In bester Form präsentierte sich aber auch Domenika Mayer, die direkt hinter Deborah Schöneborn auf Rang vier einlaufend eine Kandidatin für die DLV-Mannschaft in der Frauenklasse ist. Gemäß den Nominierungsrichtlinien des DLV dürfen die ersten drei der Männer und Frauen sowie der U23-Klassen allesamt auf eine Nominierung für die Cross-EM hoffen. Sollte ein Team für die Mannschaftswertungen nach Portugal entsendet werden, können sogar fünf Athleten nominiert werden.
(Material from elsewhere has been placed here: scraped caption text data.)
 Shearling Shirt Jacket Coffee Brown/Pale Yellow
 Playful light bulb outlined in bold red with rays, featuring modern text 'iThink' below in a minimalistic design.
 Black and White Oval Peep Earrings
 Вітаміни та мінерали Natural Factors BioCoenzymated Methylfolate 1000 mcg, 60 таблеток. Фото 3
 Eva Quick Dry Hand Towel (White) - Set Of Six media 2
Mit einem mutigen Vorstoß gewann Florian Bremm die U20-Konkurrenz über 6.600 m vor dem final mächtig aufkommenden 3.000-m-Europameister Elias Schreml, der im Ziel gerade einmal zwei Sekunden zurücklag. Der Sindelfinger Paul Specht hat als Dritter ebenfalls das Ticket für Lissabon gelöst, der Vierte im Bunde wird der deutsche Cross- und Berglaufmeister Dominik Müller sein, der im Startgetümmel einen Tritt in die Achillessehne bekam und das Rennen mit weiteren Blessuren abgeschlagen beendete, sich aber bereits als Sieger des Pforzheim-Cross vor Wochenfrist für die Europameisterschaften qualifizieren konnte.
In Top-Form präsentierte sich Josina Papenfuß in Darmstadt und gewann die U20-Klasse über 4.200 m vor der für die Schweiz in Lissabon antretende Sybille Häring. Mit den auf den nächsten Plätzen folgenden Blanka Dorfel und Anneke Vortmeier konnten sich weitere starke Läuferinnen für Lissabon qualifizieren.
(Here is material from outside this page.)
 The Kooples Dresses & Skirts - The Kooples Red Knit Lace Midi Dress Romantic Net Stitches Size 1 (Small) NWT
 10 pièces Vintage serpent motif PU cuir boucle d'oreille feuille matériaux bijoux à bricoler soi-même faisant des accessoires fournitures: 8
Doch bevor die Europameisterschaften in den Fokus rücken, steht für Elias Schreml und Josina Papenfuß noch eine besondere Auszeichnung an: Die beiden Talente werden übrigens am kommenden Freitag (29.) in Tübingen mit dem GRR-Nachwuchs-Förderpreis 2019 ausgezeichnet.
In den Nachwuchsrennen hatten natürlich die einheimischen Läufer einen überaus schweren Stand, denn auch diese Läufe sind inzwischen längst zu einem Stell-dich-ein der nationalen Spitze geworden.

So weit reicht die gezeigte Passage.